Personally I've always thought Mac Pro 7,1 best fits these boards, and that's what I use. There used to be some annoyances with going with Mac Pro because of the PCIe and memory alerts, but Acidanthera's RestrictEvents.kext sorts that out nicely.

iMac 17,1 definitely doesn't sound ideal - for one thing it has an iGPU, which the i9-10980XE does not.

i9-10980XE is Cascade Lake-X, where the real Mac Pro 7,1 is Cascade Lake-W (Xeon). Not a perfect fit, but closer than iMac 17,1 for sure.

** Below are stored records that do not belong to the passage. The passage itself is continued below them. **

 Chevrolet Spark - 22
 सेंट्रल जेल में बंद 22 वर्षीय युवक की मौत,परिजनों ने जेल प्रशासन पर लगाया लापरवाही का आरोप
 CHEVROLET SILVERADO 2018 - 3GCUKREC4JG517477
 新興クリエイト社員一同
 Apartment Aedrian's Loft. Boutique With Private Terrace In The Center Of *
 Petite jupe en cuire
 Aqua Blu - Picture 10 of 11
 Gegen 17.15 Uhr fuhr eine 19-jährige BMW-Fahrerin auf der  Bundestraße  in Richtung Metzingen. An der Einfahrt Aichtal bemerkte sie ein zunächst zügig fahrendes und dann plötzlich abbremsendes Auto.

I know many X299 users choose iMac Pro. As far as I'm aware there's not really any practical difference between that and Mac Pro 7,1 - besides the need for RestrictEvents.kext on Mac Pro; both work fine. But the fact that iMac Pro is now discontinued is IMHO another reason to go Mac Pro.

Can't comment on the Aorus Master, but I'm reasonably pleased with the i9-10980XE. Seems like a decent CPU, especially if you're in a position to overclock it a bit (which requires good cooling, most likely with water - at least an AIO.) It's not going to compete with AMD Threadripper, but I for one wasn't willing to risk the various software incompatibilities that an AMD Hack has.

One thing you will want to check regarding the Aorus is whether it has the broken NVRAM that plague many X299 boards. It's not the end of the world but it is quite an annoyance, and requires a workaround for Big Sur install (details are in the X299 Big Sur thread.)
 
One thing you will want to check regarding the Aorus is whether it has the broken NVRAM that plague many X299 boards. It's not the end of the world but it is quite an annoyance, and requires a workaround for Big Sur install (details are in the X299 Big Sur thread.)

Oh boy. I've been hackintoshing for almost a decade so I'm not a newcomer to weird issues, but my pressure starts going up at the mere thought of the workarounds and other tweaks because a board is poorly designed or the BIOS is buggy.

Is ASUS a better option? Prices are through the roof at the moment, with most ASUS board going for north of $700.

P.S.

Another option for me would be the GIGABYTE X299 DESIGNARE EX. I heard that X299 are better than X299X boards, so even though the Designare is less powerful overall than the AORUS, I will gladly take less SATA ports and less headaches.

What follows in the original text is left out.